09. Miss Kenichi – ‘The Trail’

The third album from Berlin-based Miss Kenichi is a haunting, gloomy slow-paced affair reminiscent in parts to White Chalk-era PJ Harvey. Although sparse and dark on first listen, this album slowly reveals itself on repeat listens and is stunningly beautiful in places.

08. Benjamin Booker – ‘Benjamin Booker’

New Orleans-based Booker’s self-titled debut album is a treat of stomping, soulful blues rock. Sounding older than his 25 years, Booker’s voice is a magnetic presence throughout this record.

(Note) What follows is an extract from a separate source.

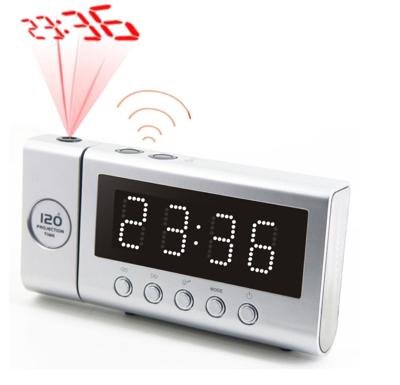 Soundmaster Highline FUR6100SI projectiewekker, wekkerradio, projectie, dubbel alarm, FM-PLL gangreserve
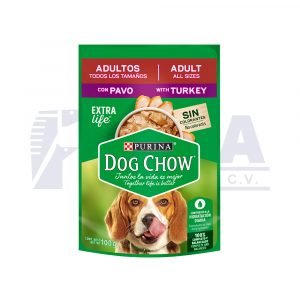 Dog Chow Sobre Adultos - Pavo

The rollicking, rousing tunes are such good fun but Booker is equally as effective when he slows things down on tracks such as ‘Slow Coming’. Big things lie ahead for Booker, one imagines.

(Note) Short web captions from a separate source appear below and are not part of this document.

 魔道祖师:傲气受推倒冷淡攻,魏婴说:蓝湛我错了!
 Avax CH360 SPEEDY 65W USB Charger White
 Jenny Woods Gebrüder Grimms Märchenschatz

07. Brody Dalle – ‘Diploid Love’

Well-connected former Distillers frontwoman Dalle’s first solo album features guest appearances from the likes of the Strokes’ Nick Valensi and Garbage’s Shirley Manson but never for a moment is the spiky Dalle outshone on this fine rock record full of snarling vocals and thundering hooks.

06. Ultimate Painting – ‘Ultimate Painting’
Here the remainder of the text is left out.